Dr. Pierre Kory on health: what the evidence says · JRE #1671
SUBJECT: HEALTH
Not a true/false call. Every claim is logged with its sources; read the exhibits below.
WHO does not recommend in the hospitalized patient. In the US, every single hospitalized patient gets remdesivir.
What the evidence says 01 / RECORD
In November 2020, a WHO guideline panel issued a conditional recommendation against using remdesivir in hospitalized COVID-19 patients regardless of severity, based on pooled data from four randomized trials (about 7,300 patients) showing no clear effect on mortality, need for mechanical ventilation, or time to clinical improvement; that part of Kory's claim was accurate as of this June 2021 episode, when the WHO guidance against remdesivir was still in effect (WHO later revised its position in April 2022, moving to a conditional recommendation in favor of remdesivir for severe COVID-19).

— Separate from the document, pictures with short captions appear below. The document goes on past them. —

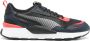 PUMA RS 3.0 Essentials sneakers Zwart - Thumbnail 1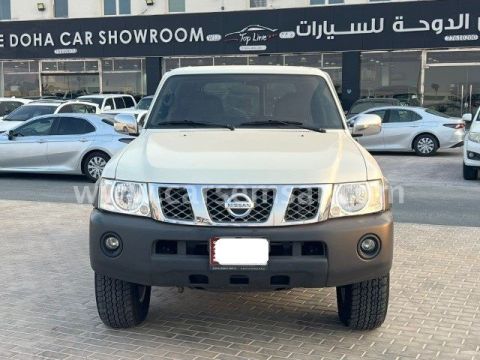 2024 نيسان باترول GL 4x4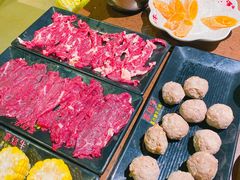 -幸运牛汕头小黄牛牛肉火锅(梅林店)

In the US, remdesivir received FDA approval and was incorporated into NIH and IDSA treatment guidelines as a treatment option for hospitalized patients and became a common therapy, but utilization data from large retrospective cohorts show initiation rates around 50-55% of hospitalized COVID-19 patients in 2021-2024, with usage varying by disease severity, hospital, and time period (reaching up to roughly 79% among ventilated patients at the 2020 peak). This falls well short of "every single" hospitalized patient receiving the drug, so the claim of universal administration is an overstatement, even though remdesivir did become a widely used standard-of-care therapy in US hospitals.